Soil Health Measurement Protocols and Indicator Soil Properties (Milestone 5): The soil sampling protocol has been streamlined from the collection of two soil samples, one pre-till for analysis of physical indicators and one post-till/pre-plant for analysis of chemical and biological indicators, to one sample collected pre-plant. This new sampling strategy will increase sampling efficiency for those taking as well as processing the samples. During 2005, we studied the variability and consistency of different soil physical indicator properties over time and in different soil types. The aggregate stability test using 0.25-2.0 mm sized aggregates showed treatment differences most consistently and significantly. Values were higher by 16 to 40% in no-till than in conventional-till systems, and higher by 5 to 32% in maize-after-grass than in continuous maize rotations. Bulk density, available water capacity and pores above field capacity were also found to be useful indicators depending on soil type and/or soil management practices. The usefulness of decomposition rates and potential mineralizable nitrogen (PMN) were critically assessed during 2005. The decomposition rate measured total biological activity at sampling and was straightforward to conduct, but it should be coupled with other biological measurements when interpreted. PMN was a useful indicator of available nitrogen and also a good measure of microbial activity. Root health appears to be sensitive and highly effective in determining the potential for the development of root diseases. The population and diversity of nematode is related to the percent soil organic matter, total biological activity and the type of production system. However, it is variable by the time of sampling and soil type as well as costly to assess therefore, it will not be included in the minimum data set for soil health assessment, but can be used as an additional tool for making management decisions. Our laboratories have also begun to work on the use of active carbon and determining the weed seed bank as possible additional indicators of soil health.

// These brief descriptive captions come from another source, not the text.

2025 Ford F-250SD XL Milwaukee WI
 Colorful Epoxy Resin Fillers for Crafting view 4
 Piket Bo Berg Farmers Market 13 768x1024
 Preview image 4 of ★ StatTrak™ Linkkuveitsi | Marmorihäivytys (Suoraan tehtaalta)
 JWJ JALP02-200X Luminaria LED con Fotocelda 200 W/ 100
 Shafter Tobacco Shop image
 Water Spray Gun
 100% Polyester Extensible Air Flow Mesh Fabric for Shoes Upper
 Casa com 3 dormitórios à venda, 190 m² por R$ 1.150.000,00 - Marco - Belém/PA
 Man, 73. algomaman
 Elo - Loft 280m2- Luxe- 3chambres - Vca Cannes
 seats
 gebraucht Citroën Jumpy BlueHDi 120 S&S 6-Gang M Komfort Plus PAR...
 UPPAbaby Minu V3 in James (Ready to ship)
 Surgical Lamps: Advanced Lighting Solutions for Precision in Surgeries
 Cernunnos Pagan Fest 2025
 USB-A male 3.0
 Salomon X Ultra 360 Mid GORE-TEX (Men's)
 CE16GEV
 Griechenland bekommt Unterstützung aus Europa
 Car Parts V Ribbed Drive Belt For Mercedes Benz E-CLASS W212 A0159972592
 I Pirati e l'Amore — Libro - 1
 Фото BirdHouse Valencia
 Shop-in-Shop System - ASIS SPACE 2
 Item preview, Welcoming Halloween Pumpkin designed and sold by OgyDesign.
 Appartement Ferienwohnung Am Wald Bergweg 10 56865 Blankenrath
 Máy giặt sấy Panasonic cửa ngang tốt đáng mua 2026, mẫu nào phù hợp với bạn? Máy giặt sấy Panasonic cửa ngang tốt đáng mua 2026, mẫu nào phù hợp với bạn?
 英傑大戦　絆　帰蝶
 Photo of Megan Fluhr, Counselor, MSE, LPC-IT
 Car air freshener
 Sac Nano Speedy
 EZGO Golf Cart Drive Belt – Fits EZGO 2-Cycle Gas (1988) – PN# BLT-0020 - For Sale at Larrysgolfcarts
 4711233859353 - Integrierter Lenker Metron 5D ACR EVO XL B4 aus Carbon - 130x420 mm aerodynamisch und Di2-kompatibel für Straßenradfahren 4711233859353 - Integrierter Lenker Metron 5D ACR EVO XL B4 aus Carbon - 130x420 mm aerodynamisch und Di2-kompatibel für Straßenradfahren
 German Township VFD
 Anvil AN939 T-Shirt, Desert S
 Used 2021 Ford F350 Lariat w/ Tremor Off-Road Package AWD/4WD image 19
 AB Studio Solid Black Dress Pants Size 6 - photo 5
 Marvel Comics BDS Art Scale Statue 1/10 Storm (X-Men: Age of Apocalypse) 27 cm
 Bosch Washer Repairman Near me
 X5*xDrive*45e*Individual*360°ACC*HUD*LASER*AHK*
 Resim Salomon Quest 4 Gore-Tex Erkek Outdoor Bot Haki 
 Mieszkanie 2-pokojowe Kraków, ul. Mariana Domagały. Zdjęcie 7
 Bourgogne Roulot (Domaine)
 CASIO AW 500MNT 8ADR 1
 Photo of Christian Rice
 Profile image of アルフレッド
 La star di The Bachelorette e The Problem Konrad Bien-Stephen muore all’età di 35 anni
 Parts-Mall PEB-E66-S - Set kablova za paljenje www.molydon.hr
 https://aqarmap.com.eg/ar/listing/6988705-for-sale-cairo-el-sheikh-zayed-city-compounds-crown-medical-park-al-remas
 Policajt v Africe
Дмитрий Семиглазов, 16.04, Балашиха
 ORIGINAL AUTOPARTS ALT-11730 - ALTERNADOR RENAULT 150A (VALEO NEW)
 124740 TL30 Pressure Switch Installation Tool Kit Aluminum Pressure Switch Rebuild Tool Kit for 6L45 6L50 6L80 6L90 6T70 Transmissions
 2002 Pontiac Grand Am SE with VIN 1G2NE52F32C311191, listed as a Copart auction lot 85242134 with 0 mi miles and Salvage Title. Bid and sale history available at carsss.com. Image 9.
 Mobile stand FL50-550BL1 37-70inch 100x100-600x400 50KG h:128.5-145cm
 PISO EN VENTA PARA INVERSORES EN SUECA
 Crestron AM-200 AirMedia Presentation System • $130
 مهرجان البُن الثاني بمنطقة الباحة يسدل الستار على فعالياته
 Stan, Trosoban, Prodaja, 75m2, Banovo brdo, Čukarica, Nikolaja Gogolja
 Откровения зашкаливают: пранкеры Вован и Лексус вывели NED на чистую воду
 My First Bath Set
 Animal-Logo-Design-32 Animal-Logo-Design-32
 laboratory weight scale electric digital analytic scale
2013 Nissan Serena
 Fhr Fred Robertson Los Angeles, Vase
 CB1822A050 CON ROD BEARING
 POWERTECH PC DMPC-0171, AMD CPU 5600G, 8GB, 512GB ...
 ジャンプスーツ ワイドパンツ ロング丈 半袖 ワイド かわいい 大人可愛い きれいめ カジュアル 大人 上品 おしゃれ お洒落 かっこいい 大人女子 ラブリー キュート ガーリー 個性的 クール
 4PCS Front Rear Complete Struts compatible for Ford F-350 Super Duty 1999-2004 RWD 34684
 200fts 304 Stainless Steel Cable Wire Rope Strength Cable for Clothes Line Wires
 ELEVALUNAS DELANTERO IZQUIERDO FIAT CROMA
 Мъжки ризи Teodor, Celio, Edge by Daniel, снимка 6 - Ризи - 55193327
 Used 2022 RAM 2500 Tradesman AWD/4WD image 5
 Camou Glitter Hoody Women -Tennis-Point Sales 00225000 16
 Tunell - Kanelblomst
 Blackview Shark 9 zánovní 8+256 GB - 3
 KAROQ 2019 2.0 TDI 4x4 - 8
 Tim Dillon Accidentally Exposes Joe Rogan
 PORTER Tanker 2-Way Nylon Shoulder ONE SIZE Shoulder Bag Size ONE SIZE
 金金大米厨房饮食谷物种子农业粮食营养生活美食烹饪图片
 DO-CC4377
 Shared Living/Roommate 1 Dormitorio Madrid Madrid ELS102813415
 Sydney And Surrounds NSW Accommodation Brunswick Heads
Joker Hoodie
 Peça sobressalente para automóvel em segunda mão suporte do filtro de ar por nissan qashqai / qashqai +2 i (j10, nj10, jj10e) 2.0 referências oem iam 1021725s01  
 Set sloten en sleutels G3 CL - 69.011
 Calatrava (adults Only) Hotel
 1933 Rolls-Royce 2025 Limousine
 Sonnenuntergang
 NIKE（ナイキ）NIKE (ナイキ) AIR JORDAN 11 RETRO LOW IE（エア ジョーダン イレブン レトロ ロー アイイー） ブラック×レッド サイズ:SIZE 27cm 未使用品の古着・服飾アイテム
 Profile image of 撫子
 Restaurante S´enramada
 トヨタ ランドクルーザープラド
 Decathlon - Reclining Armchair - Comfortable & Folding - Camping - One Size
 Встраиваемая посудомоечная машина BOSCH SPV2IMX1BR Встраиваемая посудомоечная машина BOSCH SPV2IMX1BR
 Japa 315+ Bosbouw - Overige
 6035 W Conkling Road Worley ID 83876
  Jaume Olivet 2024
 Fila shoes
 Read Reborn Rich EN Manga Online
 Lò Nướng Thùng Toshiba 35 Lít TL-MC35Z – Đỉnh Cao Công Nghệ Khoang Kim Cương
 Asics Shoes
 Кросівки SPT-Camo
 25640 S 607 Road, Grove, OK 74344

Based on the results from our sampling efforts, we have identified six indicators for routine use in assessing the health of vegetable soils in NY State. The selected indicators are root health based on a soil bioassay with bean, potential mineralizable nitrogen (PMN), soil organic matter, pH, soil aggregate stability and soil bulk density. These soil indicators have shown adequate sensitivity to changes in soil management practices from our data sets and will be offered on fee for service basis in 2006.

Soil Health Website ( (Milestone 6): The Cornell soil health website, which was established in 2003, continues to be an important source of information of soil health and soil health related issues. The soil health related presentations from the NY Fruit and Vegetable Expo in Syracuse, NY were made available as was an updated list of soil health related field days and events held across the state. To further unify and standardize the procedure for soil sampling among the extension educators and interdisciplinary staff and faculty, the soil sampling protocols were made accessible via the website. Soil health results will be expanded and images illustrating the health status of New York soils will be added soon.

Implementation of Promoted Soil Health Practices by Growers (Milestone 7): Growers have been implementing various soil management practices on their farms. The implementation of these practices will be documented by means of a follow-up survey. The survey currently being prepared will enable us to ascertain changes in growers’ knowledge of soil health issues and their adoption of various soil management practices promoted by the efforts of our program work team.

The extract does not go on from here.